Date of Award

Spring 1-26-2024

Document Type

Thesis

Degree Name

Doctor of Education (EdD)

Department

Organizational Leadership

First Advisor

Carol Anderson-Woo, Ed.D.

Second Advisor

Jonathan Greenberg, Ed.D.

Third Advisor

Tim McCarty, Ed.D.

Abstract

Purpose: The purpose of this phenomenological study was to identify, describe, and recommend the specific cross-linguistic connection instructional strategies that teachers in TWBI 90/10 programs have found to be most effective for fostering language and literacy development.

Methodology: This qualitative phenomenological study explored how teachers of TWBI 90/10 programs perceived the use of specific cross-linguistic connection instructional strategies to better serve emergent bilingual learners (EBLs) and what implications cross-linguistic connections had on dual language instruction. To determine what best instructional strategies support bilingualism, biliteracy, academic achievement and cultural competence, in-depth semi structured interviews were conducted. Ten teachers were selected to be interviewed and provided insight as to what they believed was most effective to support students’ language and literacy learning.

Findings: The findings from the study indicated that think-pair-share, peer collaboration time, identifying cognates through read alouds, vocabulary in context, listing cognates, and modeling language in a safe space have been found to be the most effective cross-linguistic connection instructional strategies for fostering language and literacy development in EBLs. In addition, it was determined that TWBI 90/10 teachers recommend thematic teaching and having visual references around the learning environment to strengthen cross-linguistic connections that support EBLs in achieving language proficiency and literacy in two languages. The semistructured interviews yielded 13 identified themes, six key findings, and two unexpected findings.

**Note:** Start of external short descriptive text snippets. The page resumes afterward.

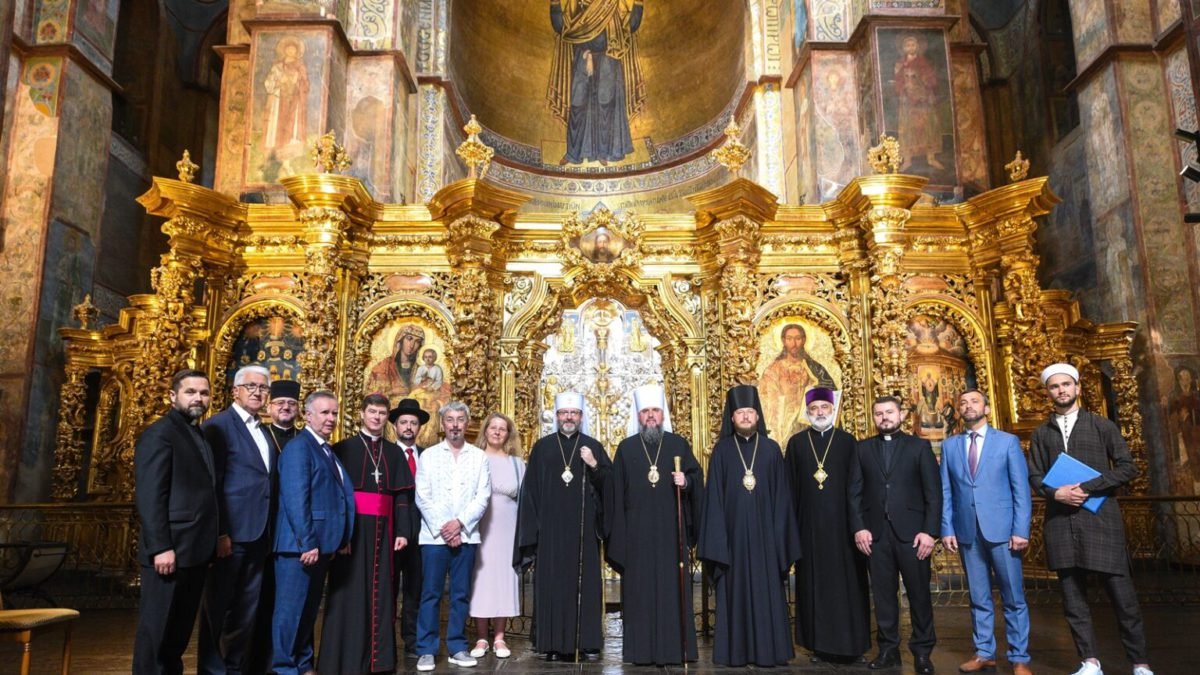 У Святій Софії з нагоди Дня Української Державності відбувся молитовний захід ВРЦіРО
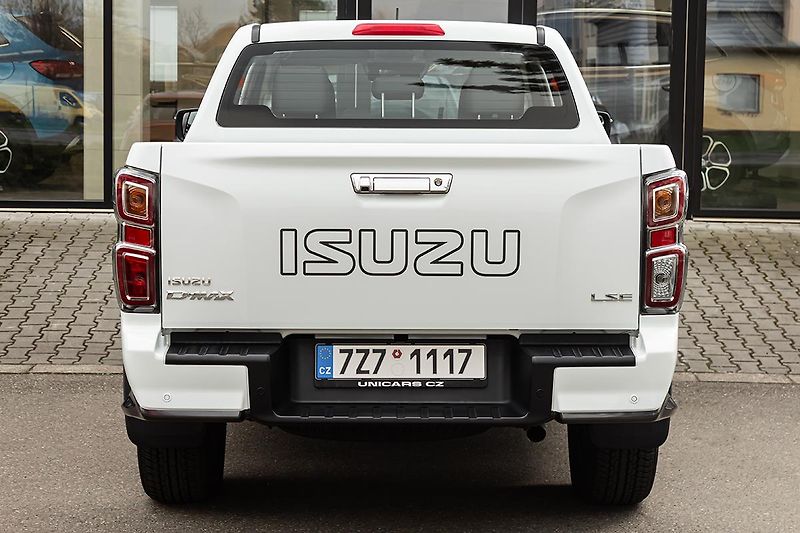 Isuzu D-Max 1,9 D AT 4x4  LSE DoubleCab - fotka 6 z 19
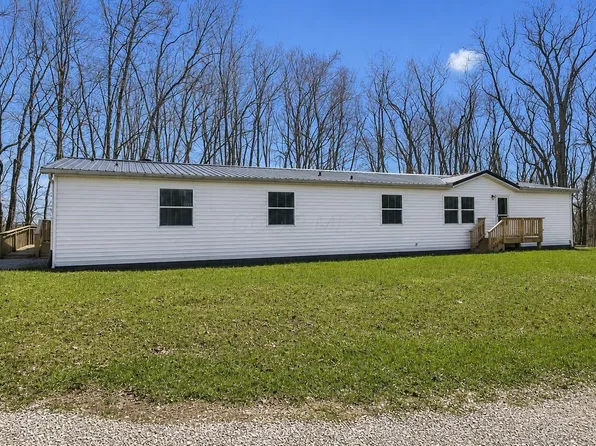 2525 Panther Dr NE, New Lexington, OH 43764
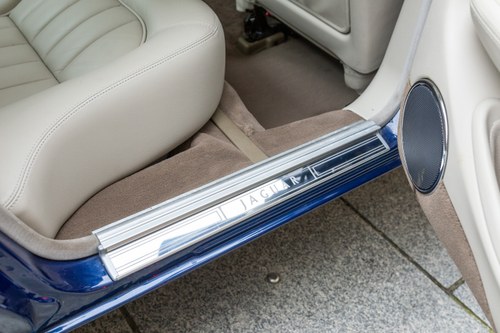 2000 Jaguar XJ8 Auto 3.2L V8 (X308) In vendita (immagine 76 di 230)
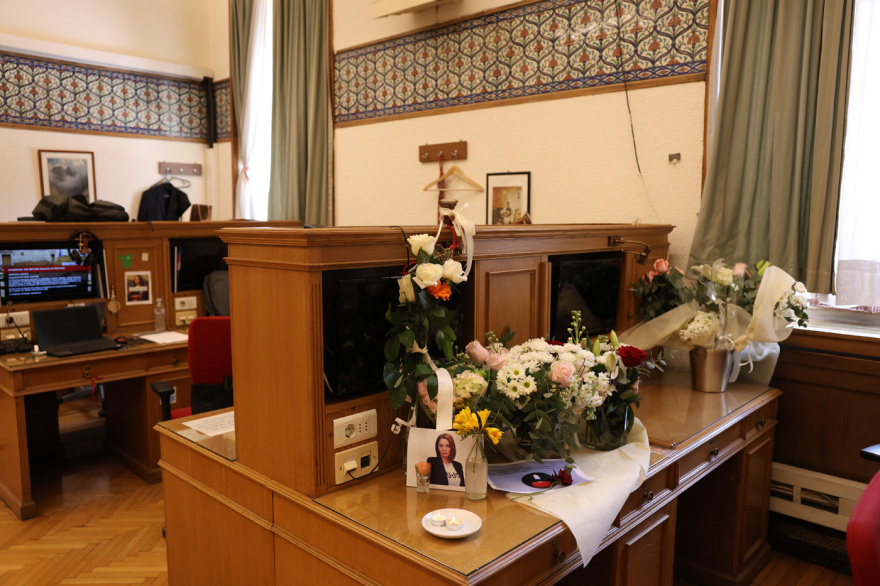 «Επέστρεψε στο φως»: Συγκίνηση στην κηδεία της δημοσιογράφου Αντιγόνης Πανέλλη, οι επικήδειοι των συναδέλφων της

Conclusions: It is concluded that opportunities for student interaction strengthen cross-linguistic connections, a conscious effort to use semantic and syntactic cues to identify cognates builds vocabulary, a supportive environment fosters language development, ongoing training is needed for bilingual teachers, and creating a strong bilingual teacher pipeline will be required.

Recommendations: I recommend that teachers use a variety of collaborative strategies, teachers use a variety of cognate awareness strategies, schools must foster a supportive environment for students to use their linguistic repertoire, staff must model effective cross-linguistic strategies, schools need to provide parent presentations, partnerships between school districts and higher educational organizations must be created, professional development must be required, universities must advocate for research, bilingual organizations must advocate for research, and publishers and authors must highlight cross-linguistic connections in their text.